When I left off, I was writing about going to Italy and being overwhelmed by Florence. Our last full day there, we hit the countryside and were overwhelmed by Tuscany in general.
The hotel staff recommended a tour that seemed a little pricey until we realized lunch and a wine tasting were included. So very early we were picked up by a sarcastic Italian guy in a minivan. The tour group consisted of us and one other couple, who were having problems understanding the differences between Tuscany, Chianti, and Florence. The guide did his best to explain as he drove out of Florence, bitching about the traffic and other things in between pointing out a few landmarks. I liked him. I mentioned that my mother's family was Italian and supposedly from that area. He said the surname was extremely common, especially in Genoa, and that it was the name of his high school algebra teacher. Fortunately, he didn't hold that against me.
Our first stop was Pisa, and I was knocked out by the beauty of the Church, the tower and the baptistery. Forget the tilt of the tower; the real reason to go there is because the little piazza is absolutely stunning. Another reason would be the pastries we had for breakfast in a corner shop. We didn't climb the tower, but I did go to the top of the baptistery, and while we were there a tour guide came in and demonstrated the acoustics by singing some intervals.

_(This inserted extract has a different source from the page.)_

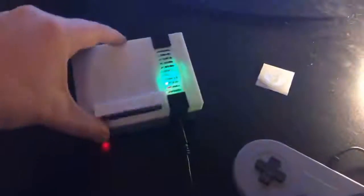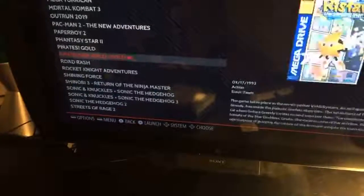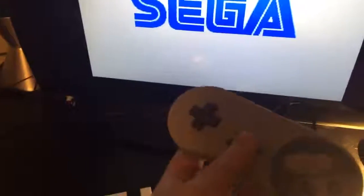To change the game selection, we'll go back to the menu, eject the cartridge, and then choose a new game. Then with no cartridge inserted and the game running, we'll press the power button and use the controller to exit the game.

Then we were off again through the amazing scenery, to a winery where we had lunch and some very nice wine. After carefully getting us just drunk enough to take out our wallets but not too drunk to sign our names, the owner sold us several bottles to be shipped to us. I'm drinking some of it now and it's really good stuff. I need to check on the price here to see how much we saved by buying it there. I'm hoping it wasn't all that much, because I'd like to be able to afford more sometime. We also bought some of the incredible truffle oil that they poured on our lasagna at lunch.
Then we were off to San Gimignano for a quick look around and some award-winning gelato. Due to the quality of the wine at the previous stop, I don't remember much. Then to Siena, where the Duomo with its inlaid marble floors is connected to an even larger unfinished nave. The huge construction project was ended by the plague, which killed much of the population and the town's ambitions. A local woman took us through the church and piazza, explaining to us the crazy horse races they hold in those ridiculously cramped quarters and the rivalry among the various neighborhoods. Then we were back in the van and the driver was assuring us that all natives of Siena are indeed crazy.
We were supposed to be heading back at that point, but we stopped in a lovely walled town, Monteriggioni. (The guide told us it wasn't strictly on the tour, so we weren't to mention we'd been there, "or everyone will want to go.") We walked along the walls, and the little Romanesque church was restful to the eyes after all the Duomos and towers we'd seen over the past few days.
Then we did return to Florence and our hotel, too stuffed to have more than a light snack and too tired to do much more than pay an unreasonably high fee to check our emails and make arrangements for a taxi to take us to the airport the next morning.